The increase of forces, aid to Ukraine, and the bloc’s further expansion are on the agenda
NATO, the US-led military bloc, kicked off its annual three-day summit in Madrid on Tuesday.
The 30-member organization will focus on strengthening its forces in Europe and elsewhere in the wake of Russia’s military campaign in Ukraine, which was launched in late February. Members are also expected to discuss more aid to Kiev, as well as the prospect of Sweden and Finland joining the bloc.
NATO Secretary-General Jens Stoltenberg said on Monday that the bloc would increase the number of its rapid-response troops from roughly 40,000 to “well over” 300,000. He labeled Russia “the most significant and direct threat.”
The meeting is taking place on the heels of the G7 summit in southern Germany, where the leaders of the US, Canada, Britain, France, Germany, Italy, Japan and the EU pledged to support Ukraine “for as long as it takes.”
NATO members are also expected to discuss further military and financial aid to Ukraine. Since February, the allies have increasingly supplied heavy weapons to Kiev, including various missile systems, howitzers, combat drones, armored vehicles, radars and helicopters. The most-recent reports said that the US was purchasing Norwegian-developed NASAMS medium-to-long range surface-to-air missile systems.

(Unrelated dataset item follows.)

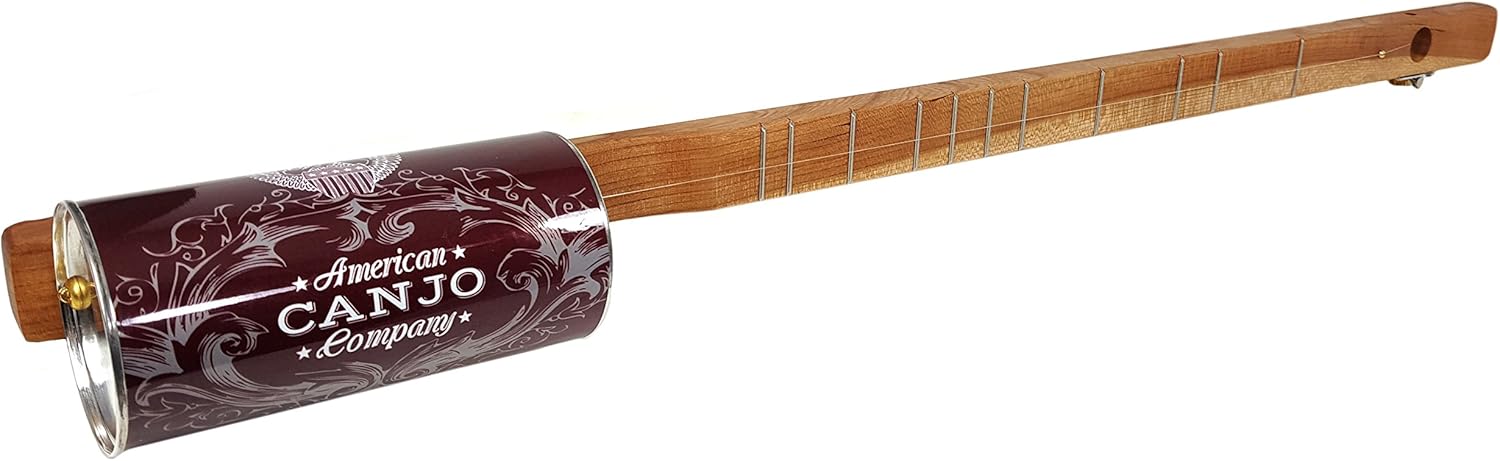 Build-your-own DIY Tin Can Banjo One-String Canjo - Complete Kit with Fretted Neck and Instructions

Russian President Vladimir Putin said in February that NATO’s expansion eastward and attempts to set up “a foothold” in Ukraine were one of the reasons why Russian troops attacked Ukraine. NATO denied that its forces and military sites posed a threat to Russia.
NATO will adopt the revised Strategic Concept, the bloc’s key document, which provides an assessment of the current security environment. Stoltenberg said that, apart from Russia, the document will address China for the first time.
Sweden and Finland are attending the event for the first time after both previously non-aligned countries formally applied to join NATO in May. Turkey said it would bloc their membership, accusing the two Nordic states of harboring people linked to Kurdish organizations, which Ankara considers terrorist groups.
Reuters quoted Turkish officials and Western diplomats on Monday as saying that a breakthrough over the issue of Sweden’s and Finland’s membership was “unlikely.”